Custodial investigation is the stage where the police investigation is no longer a general inquiry
into an unsolved crime but has begun to focus on a particular suspect taken into custody by the police
who carry out a process of interrogation that lends itself to elicit incriminating statements. It is well-settled
that it encompasses any question initiated by law enforcers after a person has been taken into custody or
otherwise deprived of his freedom of action in any significant way. This concept of custodial investigation
has been broadened by RA 7438 to include "the Practice of issuing an 'invitation' to a person who is
investigated in connection with an offense he is suspected to have committed." Section 2 of the same Act
further provides that -

x x x x Any public officer or employee, or anyone acting under his order or in his place, who
arrests, detains or investigates any person for the commission of an offense shall inform the
latter, in a language known and understood by him of his right to remain silent and to have
competent and independent counsel, preferably of his own choice, who shall at all times be
allowed to confer privately with the person arrested, detained or under custodial investigation. If
such person cannot afford the services of his own counsel, he must be provided with a competent
and independent counsel by the investigating officer.

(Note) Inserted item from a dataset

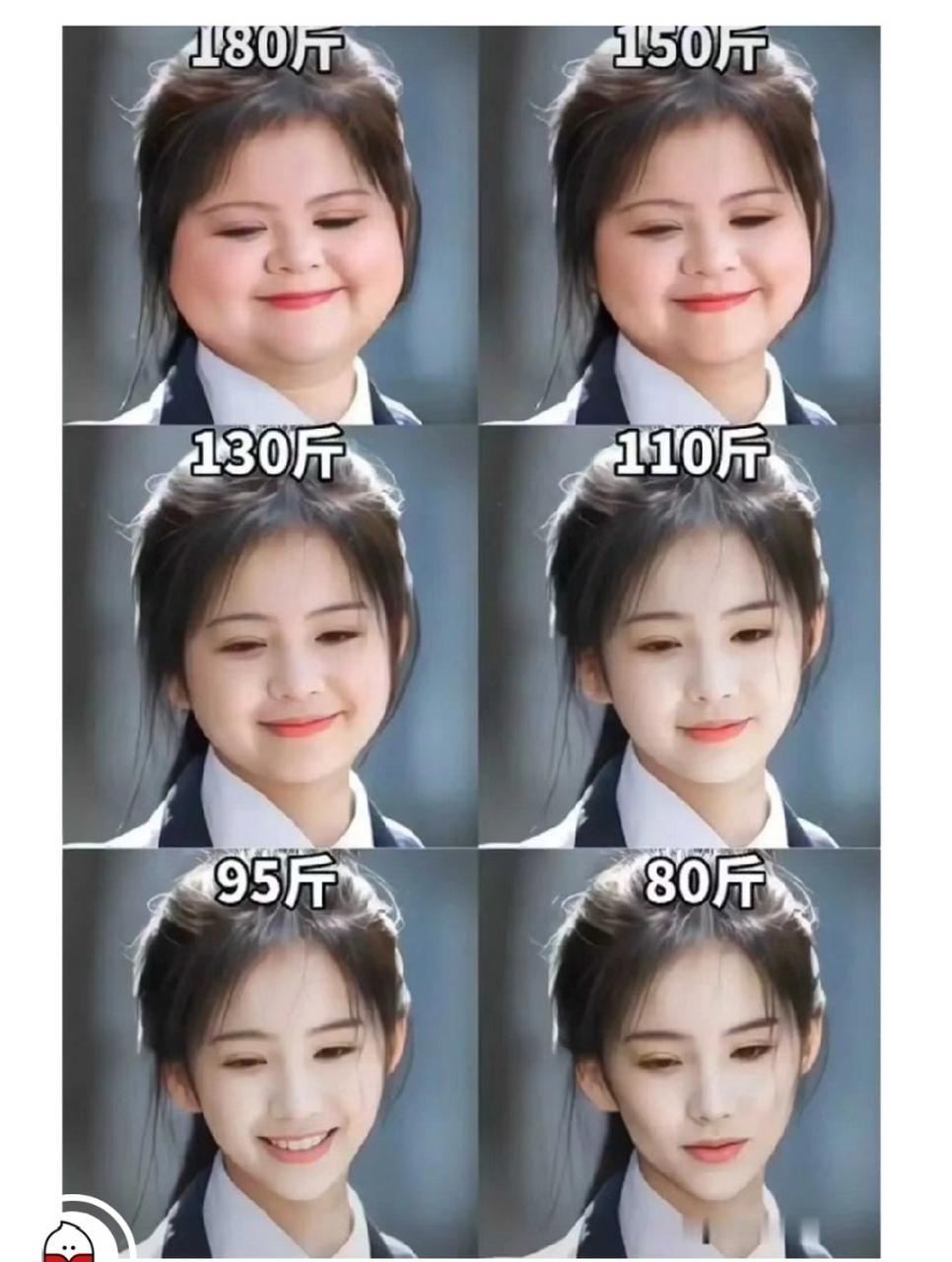 "一瘦遮百丑,一胖毁所有"你认同这种观点吗?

In this case, it is clear that del Rosario was deprived of his rights during custodial investigation. From the
time he was "invited" for questioning at the house of the barangay captain, he was already under effective
custodial investigation, but he was not apprised nor made aware thereof by the investigating officers. The
police already knew the name of the tricycle driver and the latter was already a suspect in the robbing and
senseless slaying of Virginia Bernas. Since the prosecution failed to establish that del Rosario had waived
his right to remain silent, his verbal admissions on his participation in the crime even before his actual
arrest were inadmissible against him, as the same transgressed the safeguards provided by law and the
Bill of Rights.

WHEREFORE, the decision of the Regional Trial Court of Cabanatuan City convicting accused
JOSELITO DEL ROSARIO Y PASCUAL of Robbery with Homicide and sentencing him to death, is
REVERSED and SET ASIDE, and the accused is ACQUITTED of the crime charged.